Designer Kiki Norval gives a shabby chic makeover to a bare “barsati”, with budget ideas and trips to flea markets
If you believe redecorating costs a fortune, then think again! With a little imagination you can achieve miraculous results, whatever your budget. Designer Kiki Norval has an easy going, simple chic style. She loves working with whites and greys and has styled homes around Delhi and Capetown. For her winter residence in Delhi, she found the most basic barsati, and transformed it into a bohemian shabby chic paradise. Kiki picked up simple second hand tables from roadside flea markets, painted them and used them as coffee tables, kitchen counters and side tables.
Chairs from tentwalas have been given a stylish French makeover, just by changing the upholstery and adding detailing with paint. Her restroom wall has a vintage antique finish, just with the use of some simple foil. She has also designed the chandelier that greets you as you enter the home. Simple and inexpensive rugs and candle stands add warmth and charm. Finally, gorgeous art work completed the look. Over a delightful cup of coffee with Kiki, we got her to answer some of our questions.
What was your starting point for designing the layout and decorating your rooftop home | I always start by asking myself what would be most comfortable and yet visually pleasing. I cannot live in a space that is purely aesthetics; I need it to be welcoming and practical as well. I then spend quiet quality time in the space, allowing it to speak to me. Each space has a voice.
What was your biggest challenge | Being a typical barsati, there was no logical layout. One had to walk through each room to get to the next, which made privacy non-existent.
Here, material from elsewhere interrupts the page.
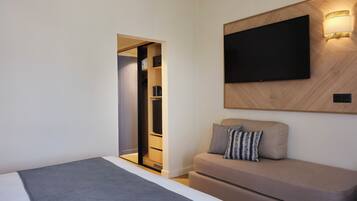 A modern hotel room with a bed, a sofa, a TV mounted on the wall, and a walk-in closet.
I opened up a wall and placed a door where there was a window. I avoided too much renovation.
An example of something you did yourself | One bathroom was earlier a small washroom for the staff, with a grotty toilet and a single tap. It was not difficult to change it into a functioning bathroom, but the walls were horrible and my budget did not cover re-plastering. I used a solution that had worked wonders for my Cape Town apartment; I took aluminium silver foil that’s used for baking and glued it onto the offensive walls! It looks fabulous and hides all the imperfections.
The one big mistake you made that others should not | By the time I had to buy the toilet for my guest-room, my budget had run to a serious low and I decided to go cheap on the toilet cistern, thinking I would replace it a bit later, but sadly, one never does! I still have the cheapie and hate it every time I go into the bathroom. No one else seems to notice, but I do. So, try not to do something temporarily, because it inevitably turns out to be forever.
An example of where you saved and where you splurged | I saved a lot on the project by managing it all myself and keeping a tight rein on what is bought and from where. Wholesale markets are messy, but much cheaper than gorgeous showrooms in GK2, for instance. Plumbers and electricians love buying excess and it all adds up. I splurged on art. I think good art makes a place look fabulous.